The Breakfast Table

As Himmler Said to Goebbels …

Dear Joel,

About Elián: Don’t you hate grown-ups who pretend, when it’s convenient for them, that children’s wishes are all-important? Giving a child too much power is one of the worst things you can do to him/her, and it’s doubly destructive when you’re manipulating the child at the same time. Picture Elián’s Miami relatives three years down the road, in the unlikely event they win custody of him: No you can’t go to the park today, Goddammit. Because I said so!

But my favorite story today is historian Deborah E. Lipstadt’s total victory, in a British court, over Hitler apologist David Irving. Although she is American, Irving, who is a Brit, sued her there because England’s libel laws are so much more favorable to the plaintiff than ours.
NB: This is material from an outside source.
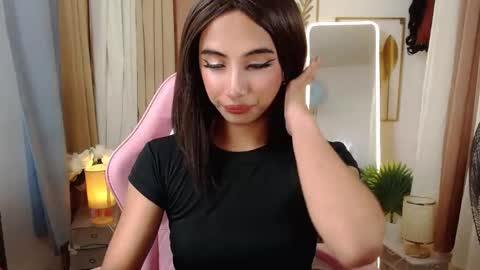 Snapshot of hugeasiancockandrea chatting on March 11, 10:09 pm drea online show from March 11, 10:09 pm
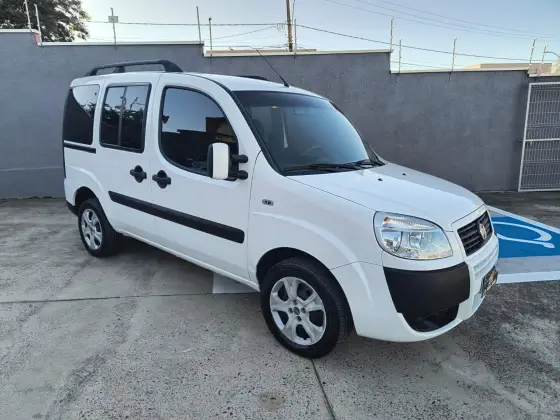 FIAT DOBLÒ 1.8 MPI ESSENCE 7L 16V FLEX 4P MANUAL FIAT DOBLÒ 1.8 MPI ESSENCE 7L 16V FLEX 4P MANUAL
He claimed that she erred in calling him a “Holocaust denier,” which is what he plainly is; the judge wasn’t buying it. This is a real victory for plain truth.
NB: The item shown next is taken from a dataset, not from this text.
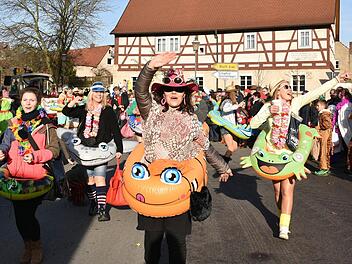 "Theres singt und lacht" nannte sich diese Gruppe, die besonders fröhlich drauf war. Foto: Ulrike Langer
Earlier in Irving’s career, his archival research in Germany earned him some genuine regard as a military historian. My father was his editor at the Viking Press (I teased him to his dying day about having written, in the flap copy for Hitler’s War, that it would “stand athwart the annals” of somethingorother), and always claimed that if you told David Irving that you had just been shot and were bleeding to death, he would reply, “Hmmm, yes, well, as I was saying, Himmler then said to Goebbels …” Every year, when my parents went to London, they had to endure the dread ritual of Dinner at the Irvings: “We are girding loins for dinner with David Irving,” my father wrote home in November ‘76. “Do hope he doesn’t bring out X-rays of Hitler’s skull until dessert.” It was always hot in the Irvings’ flat, where they were served (this is my mother now) “the same horrible thing–German champagne well-laced with Campari.” And while Irving was bending my father’s ear, Mrs. Irving would lead my mother to the kitchen for unsought confidences about the Irving connubial life. “David is as strange as ever,” my mother wrote. “All he is really interested in is his Book(s), so that he looks at Alan as a kind of extension of his Hitler book, and just puts him under glass and gazes at him fondly. I do believe Alan could spit in his face and he would just say, ‘Oh, yes, jolly good,’ and go on gazing.”
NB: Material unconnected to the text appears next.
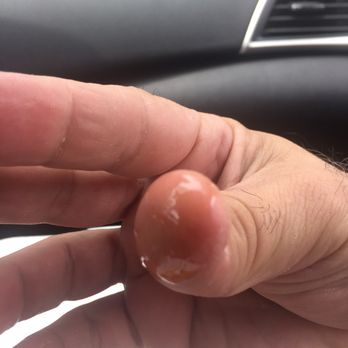 Tomate Fresh Kitchen - Grease running down my finger from the quesadilla - Latin American Near Me - Evanston, Illinois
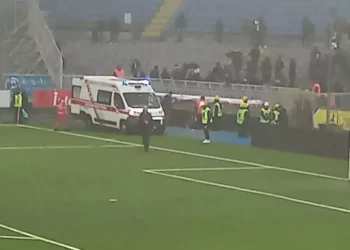 Grave tifoso, cade da parapetto dopo partita calcio di serie C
Even then, when Irving was regarded as respectable and had not yet flatly denied the reality of the Final Solution, my father always sounded a little defensive about publishing him. Ron Rosenbaum has a great op-ed in today’s Wall Street Journal about the fallacy of fellow historians who praise Irving’s fact-gathering while disowning his conclusions. Research and conclusion are ultimately inseparable, Rosenbaum argues, “Can one praise a fact gatherer who somehow has failed to find the facts of mass murder behind Hitler’s pattern of denial?”

On fluoridation: I want you to you know that my home is graced with a fabulous plaque from the American Dental Association, awarded some time ago to my husband, a k a Mr. Chatterbox, for writing a very similar story on fluoride. Are all the old fears of right-wing nuts now the fears of left-wing nuts and vice versa? (The right now hates government, whereas the left now hates one-world government.) Once the extremes have all cycled through every conceivable form of paranoia, can we just get on with life?

Maybe you’ll find out at the anti-WTO rally. I’m anxious to hear your report. But if you’re really planning to go to get your car inspected, I’m not holding my breath. Didn’t you read the “Metro” section story about how the lines are four blocks long?